Partly cloudy skies greeted 19 visitors (15 children and 4 staff members) from the Boys & Girls Club of London for solar observing at Western University’s Cronyn Observatory, Wednesday, August 30th, 2017, 2:00 p.m. They were welcomed by graduate student Amanda DeSouza who brought them downstairs into the “Black Room,” where she showed them the “Transit Demo” model—demonstrating the transit detection method for finding extra-solar planets—and the “Spectroscopy Demo,” inviting the visitors to put on diffraction grating glasses and view the spectra of 4 gas discharge lamps set up on the table, including: hydrogen, helium, neon and mercury.
RASC London Centre was represented by Peter Jedicke, Bob Duff and new youth member Jacob Renders.
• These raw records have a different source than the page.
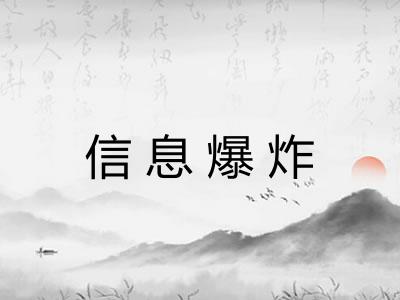 信息爆炸 信息爆炸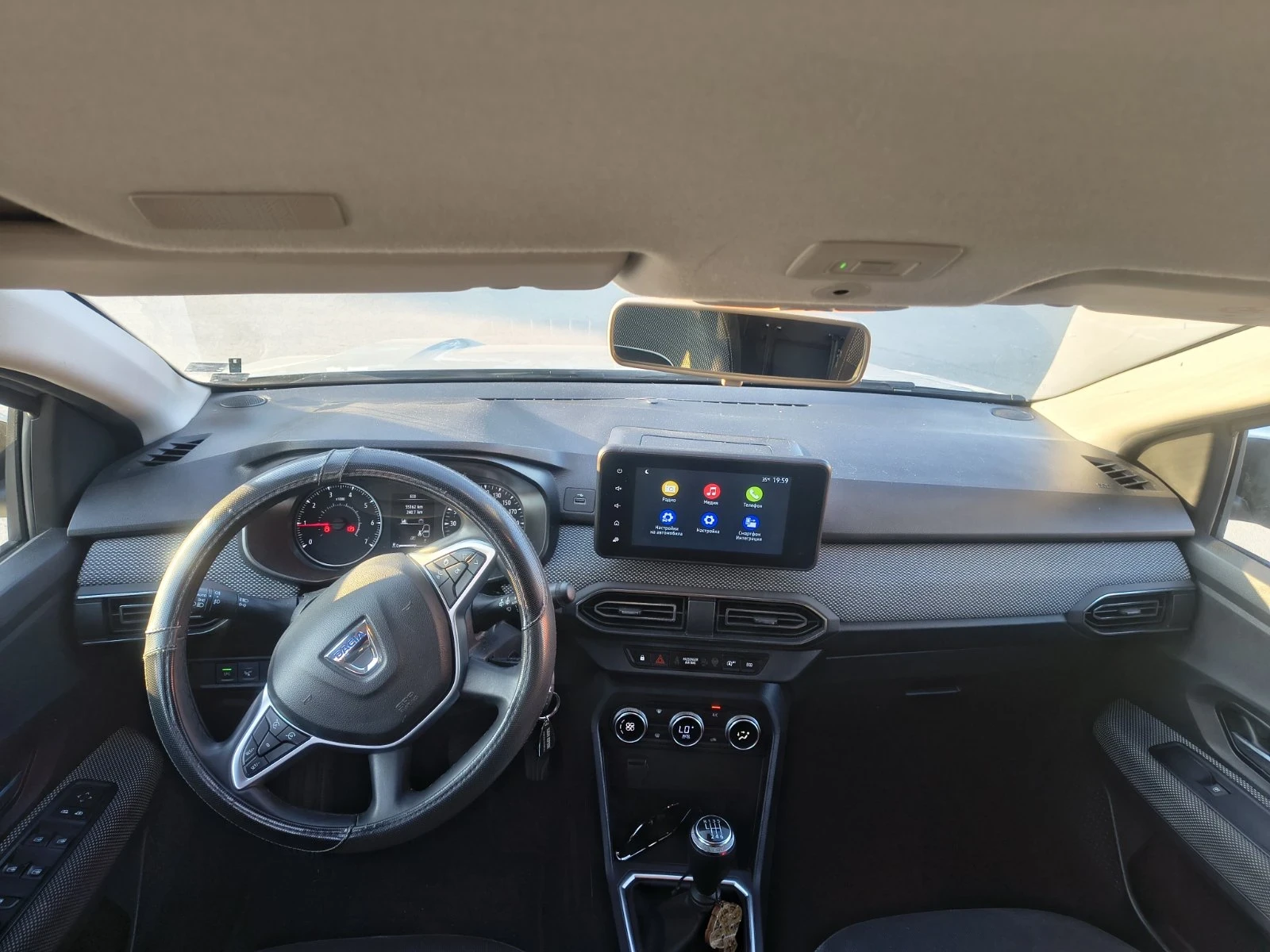 Dacia Jogger 1000 | Mobile.bg   14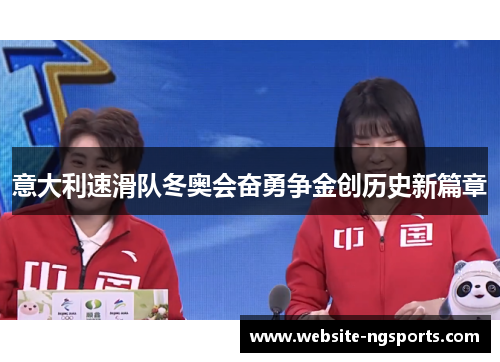 意大利速滑队冬奥会奋勇争金创历史新篇章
Peter and Bob installed the Herschel Wedge and the brass Perkins Elmer 76.2mm eyepiece (57.6X) in the big 25.4cm refractor in the dome. Peter then directed the 25.4cm refractor towards the Sun so as to project the solar image onto the (attached) projection screen. When Amanda brought everybody upstairs into the dome Peter gave a talk about the big refractor and how the Herschel Wedge worked to reduce the heat and brightness of the sunlight going through the eyepiece to project the Sun’s image on the projection screen.
On the observation deck outside the dome, Amanda and Bob set up the observatory’s 90mm Coronado H-Alpha Solar Telescope using the equatorial mount from the Orion AstroView 6 (15cm) equatorial reflector. However, the Sun was frequently obscured by clouds and the telescope could not be brought to focus with either the CEMAX 25mm (32X) or 18mm (44X) CEMAX eyepieces. Jacob Renders brought his Bushnell Voyager 114mm (f/8) Newtonian reflector telescope, although it was not set up in the limited time available. Peter explained how the Coronado H-Alpha Solar Telescope worked and could show prominences on the Sun be selecting a very specific shade in the spectrum of red light. Peter had also brought the Sunspotter (provided by Fanshawe College), which was set up on the observation deck.
The visitors were gone by around 3:15 p.m. after an interesting tour of the “Black Room”—with the “Transit Demo” and “Spectroscopy Demo”—and the dome, with opportunity to view a projected image of the Sun through the big 25.4cm refractor and Herschel Wedge.